─── Task data

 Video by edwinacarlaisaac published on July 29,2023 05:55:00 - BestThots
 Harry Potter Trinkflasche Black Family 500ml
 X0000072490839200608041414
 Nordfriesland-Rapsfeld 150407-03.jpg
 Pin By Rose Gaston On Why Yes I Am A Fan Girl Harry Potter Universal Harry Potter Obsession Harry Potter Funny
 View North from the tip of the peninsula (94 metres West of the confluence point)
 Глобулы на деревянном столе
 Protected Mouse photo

──────
─── Task data

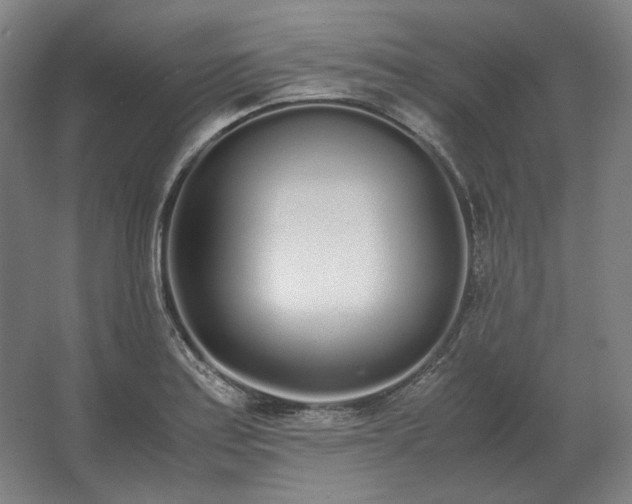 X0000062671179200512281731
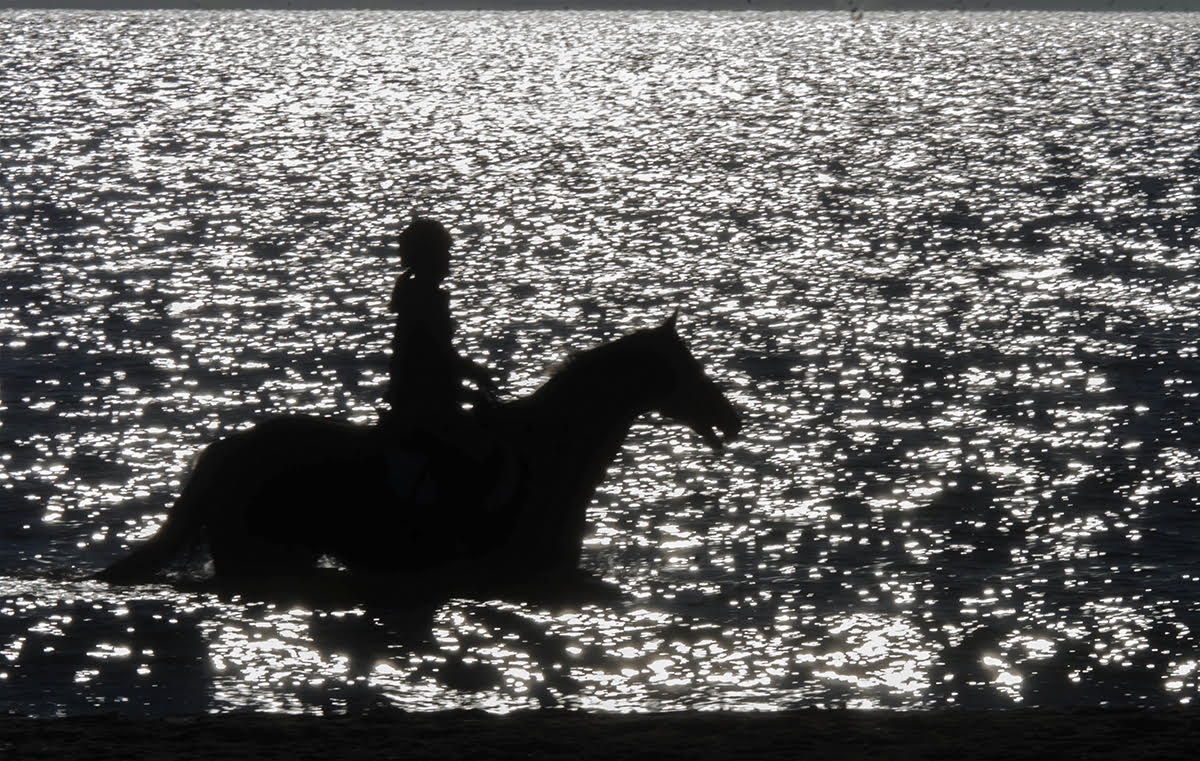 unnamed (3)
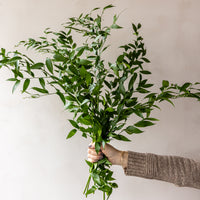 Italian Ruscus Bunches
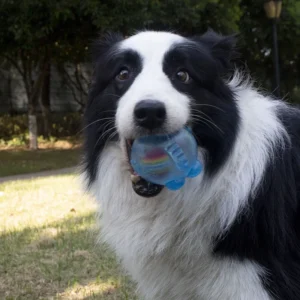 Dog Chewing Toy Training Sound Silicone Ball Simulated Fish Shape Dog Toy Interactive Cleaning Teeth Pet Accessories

──────
─── Task data

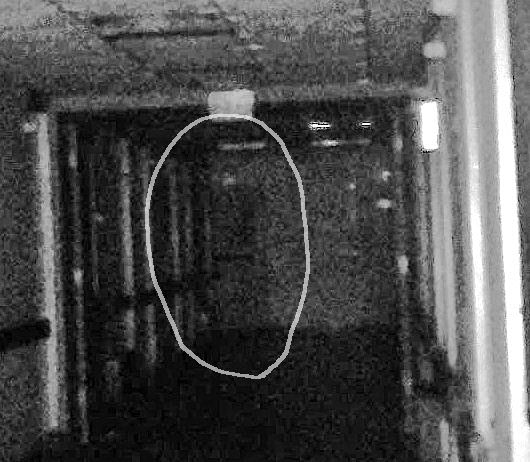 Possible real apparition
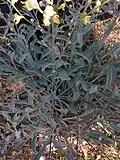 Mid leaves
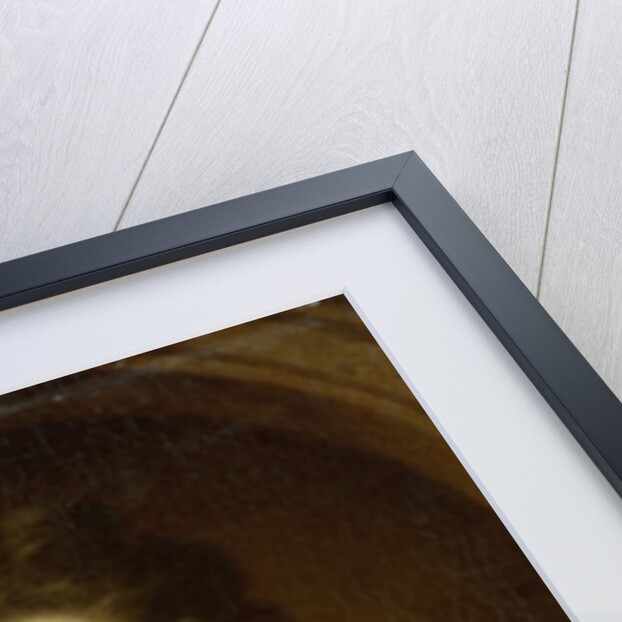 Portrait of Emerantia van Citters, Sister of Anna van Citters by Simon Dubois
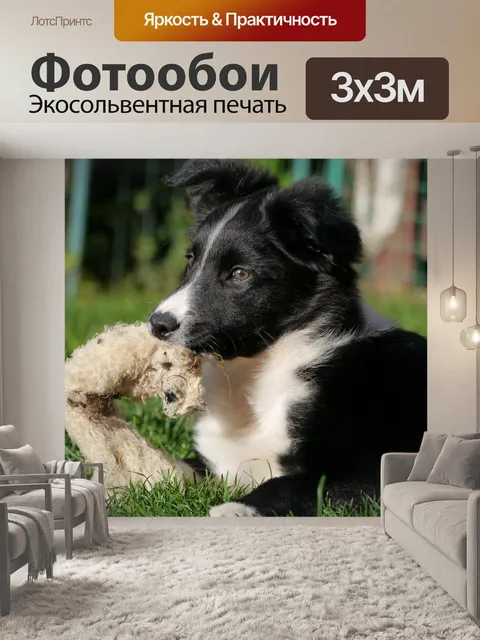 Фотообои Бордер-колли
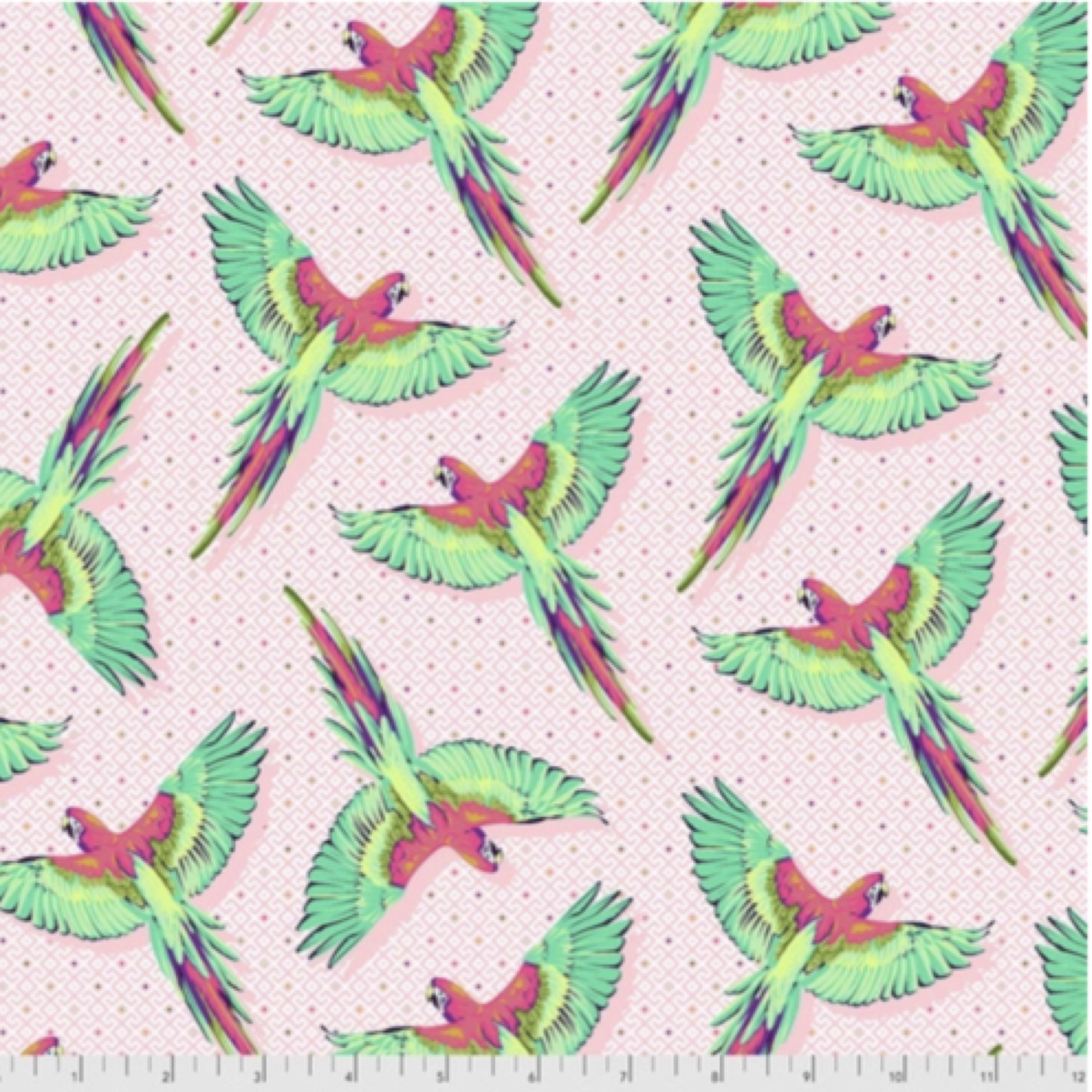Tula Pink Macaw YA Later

──────

## Work task
Take the stretch of lines above from the one containing "X0000072490839200608041414" through the one containing "Protected Mouse photo" and repeat it exactly, adding no other line.

## Exercise output
 X0000072490839200608041414
 Nordfriesland-Rapsfeld 150407-03.jpg
 Pin By Rose Gaston On Why Yes I Am A Fan Girl Harry Potter Universal Harry Potter Obsession Harry Potter Funny
 View North from the tip of the peninsula (94 metres West of the confluence point)
 Глобулы на деревянном столе
 Protected Mouse photo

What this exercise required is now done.